---- INFORMATION SUPPLIED

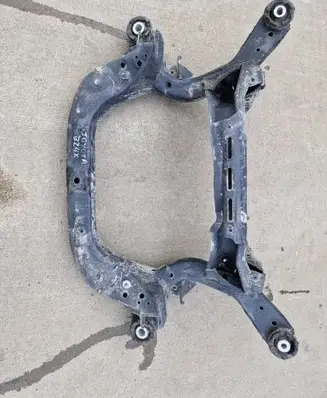 Toyota bZ4X Rear subframe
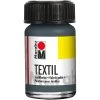 Marabu Textil Paint 15ml Grey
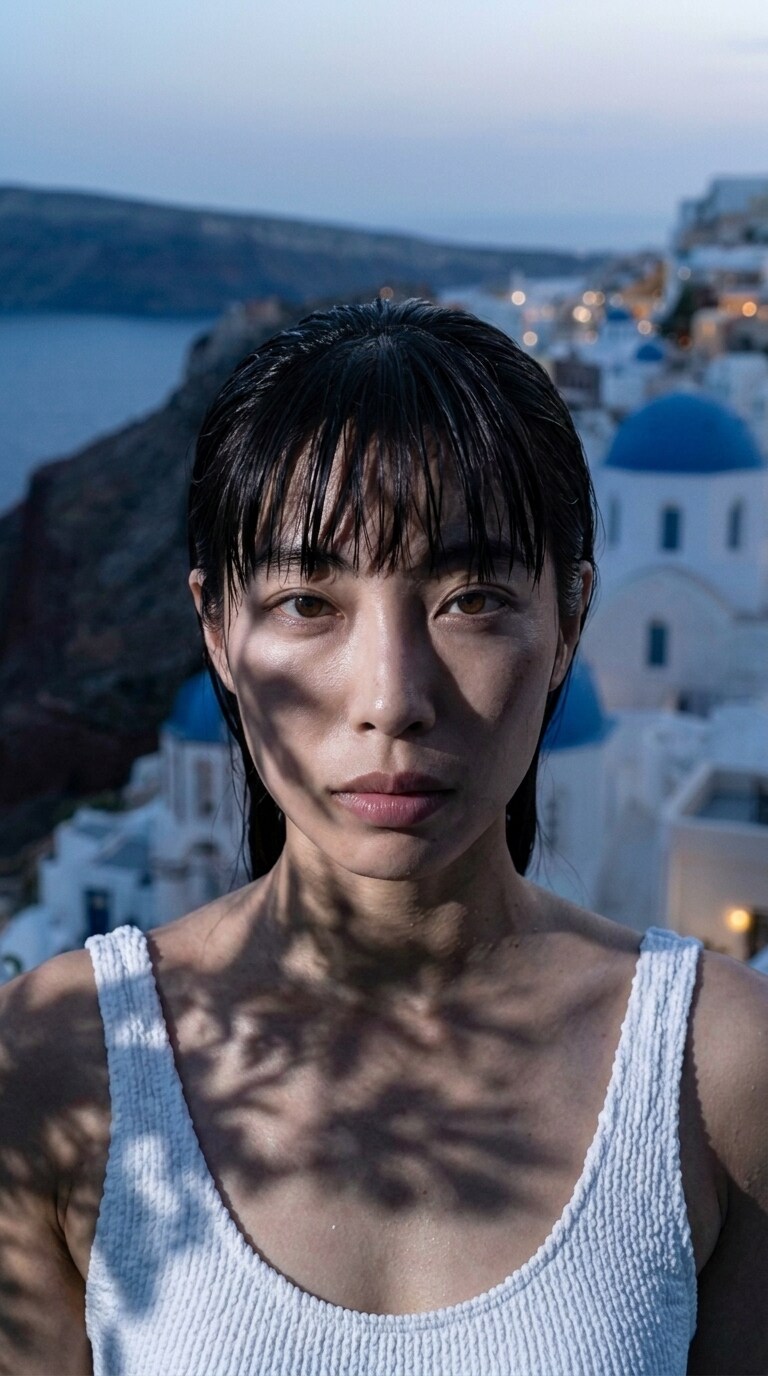 Gemini 水着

--------

ASSIGNED TASK:
Reproduce all of the data exactly, omitting each picture it holds.

TASK OUTPUT:
 Toyota bZ4X Rear subframe
 Marabu Textil Paint 15ml Grey
 Gemini 水着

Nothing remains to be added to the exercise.